WHAT TO WORK ON
Please restate every line below exactly, without any pictures.

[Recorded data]
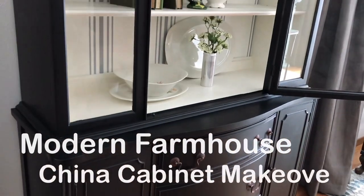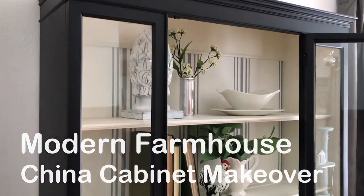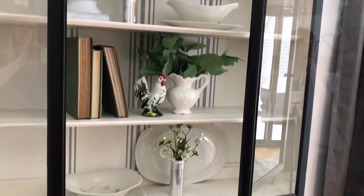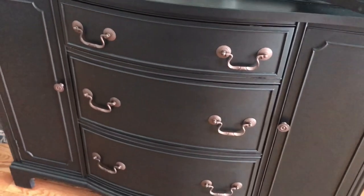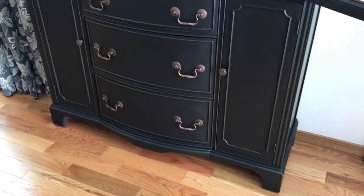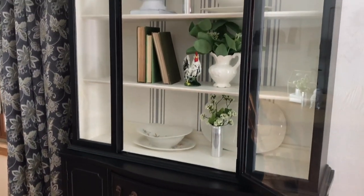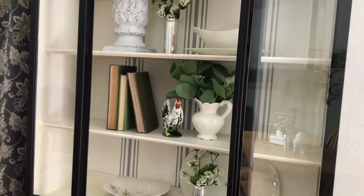And there you have it — it's a modern farmhouse china cabinet makeover, H2 Home Design style. It's such a vibrant, fresh, and unique piece of furniture now. It can be decorated masculine or feminine, it pairs well with traditional or industrial, and you can play up or play down the whole modern farmhouse look depending on what you add to it. Unattractive, unwanted, and impossible? Not today. So why would I buy this piece? Because I've got some innovative and artful design ideas that can turn a castaway into a true gem.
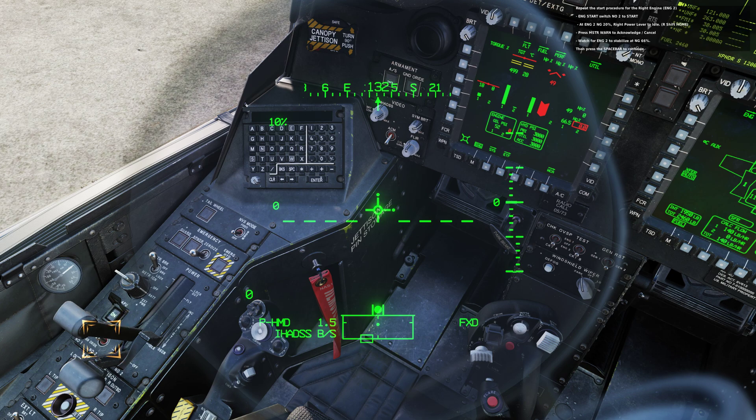Repeat the start procedure for the right engine. Engine start switch number 2 to start. At engine 2 NG 20%, move the right power lever to idle. Press master warning to acknowledge and cancel. Watch for engine 2 to stabilize around NG 66%, then press the spacebar to continue.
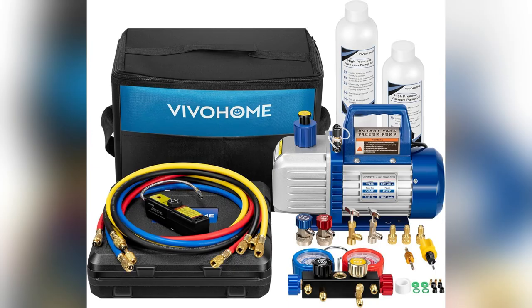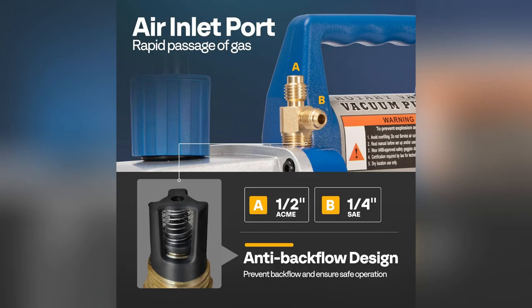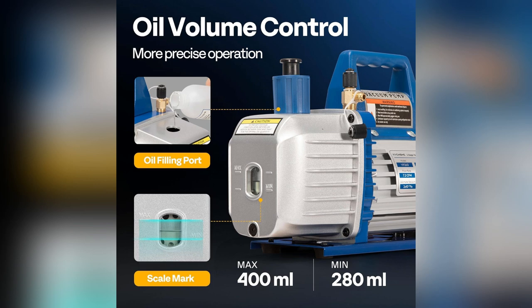Last weekend, I was able to recharge my car's AC and fix a friend's fridge all in one day, all thanks to this magic toolkit. Plus, it works with R12, R134A, R22, and R410A — super versatile.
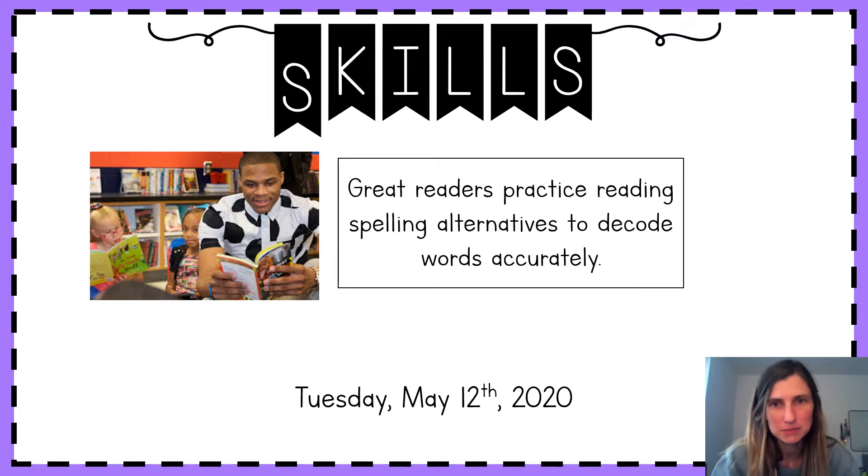We've been learning a lot of tricky spellings like EA and PH. Today we get to dive into our new reader. In our reader, we're going to see some of these tricky spellings. We know great readers practice reading spelling alternatives to get better at accurately decoding words. So as good readers today, we're going to practice decoding some tricky words from our reader so that we're ready to read our first chapter.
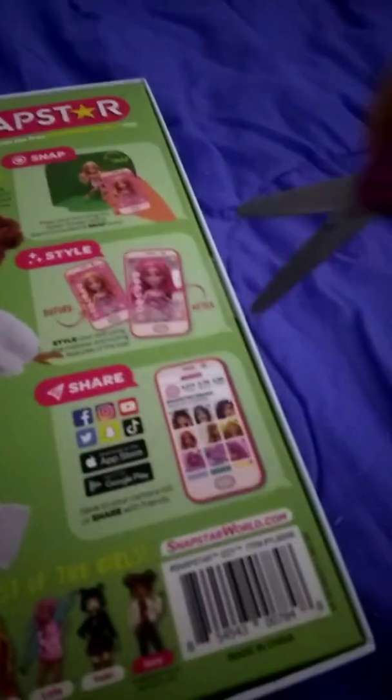This is the back of the box and now we're going to cut and open her up. She comes with a stand and a green screen. You'll also get a cell phone for your doll. Let me get her out.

TASK OUTPUT
And there you have it — it's a modern farmhouse china cabinet makeover, H2 Home Design style. It's such a vibrant, fresh, and unique piece of furniture now. It can be decorated masculine or feminine, it pairs well with traditional or industrial, and you can play up or play down the whole modern farmhouse look depending on what you add to it. Unattractive, unwanted, and impossible? Not today. So why would I buy this piece? Because I've got some innovative and artful design ideas that can turn a castaway into a true gem.
Repeat the start procedure for the right engine. Engine start switch number 2 to start. At engine 2 NG 20%, move the right power lever to idle. Press master warning to acknowledge and cancel. Watch for engine 2 to stabilize around NG 66%, then press the spacebar to continue.
Last weekend, I was able to recharge my car's AC and fix a friend's fridge all in one day, all thanks to this magic toolkit. Plus, it works with R12, R134A, R22, and R410A — super versatile.
We've been learning a lot of tricky spellings like EA and PH. Today we get to dive into our new reader. In our reader, we're going to see some of these tricky spellings. We know great readers practice reading spelling alternatives to get better at accurately decoding words. So as good readers today, we're going to practice decoding some tricky words from our reader so that we're ready to read our first chapter.
This is the back of the box and now we're going to cut and open her up. She comes with a stand and a green screen. You'll also get a cell phone for your doll. Let me get her out.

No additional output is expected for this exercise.